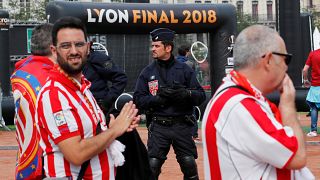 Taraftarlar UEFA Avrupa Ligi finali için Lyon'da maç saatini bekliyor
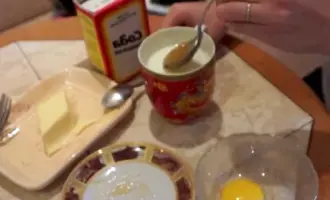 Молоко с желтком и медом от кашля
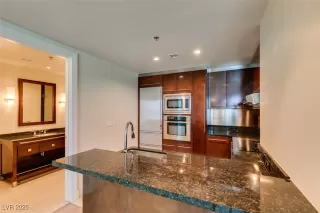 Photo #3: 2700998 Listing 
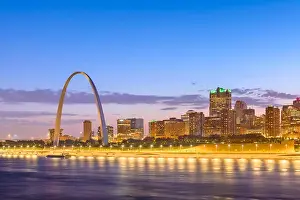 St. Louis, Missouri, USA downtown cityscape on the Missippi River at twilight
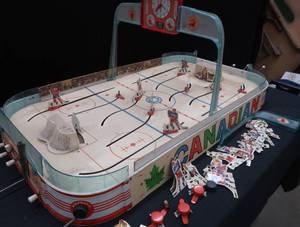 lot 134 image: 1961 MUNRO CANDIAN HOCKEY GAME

^^^^^^^^^^^^^^^^

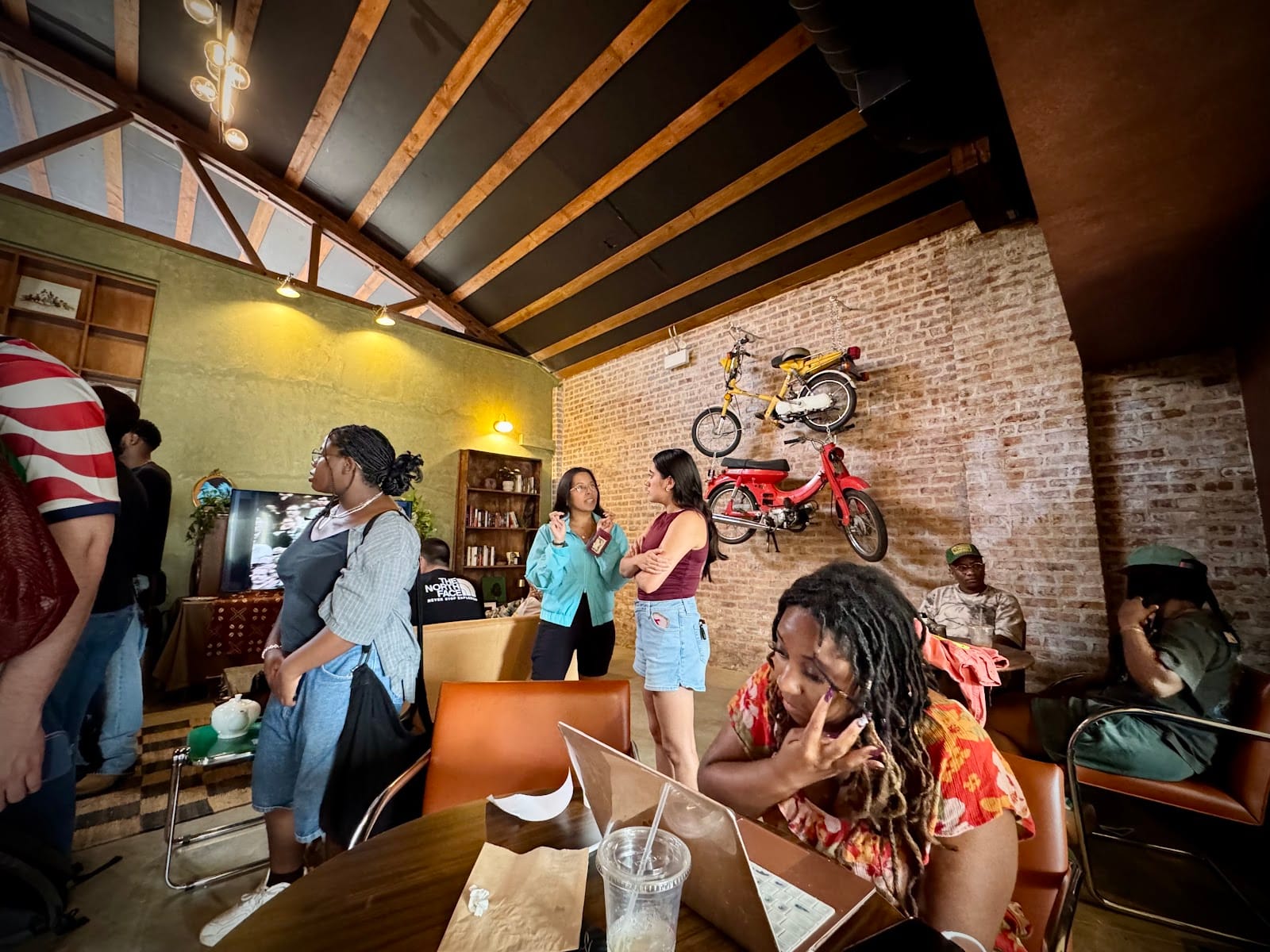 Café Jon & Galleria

^^^^^^^^^^^^^^^^

(Activity): Give again, exactly as written above, each line from the one that has "St. Louis, Missouri, USA" to the one that has "lot 134 image: 1961", both included; omit the pictures.

(Output):
 St. Louis, Missouri, USA downtown cityscape on the Missippi River at twilight
 lot 134 image: 1961 MUNRO CANDIAN HOCKEY GAME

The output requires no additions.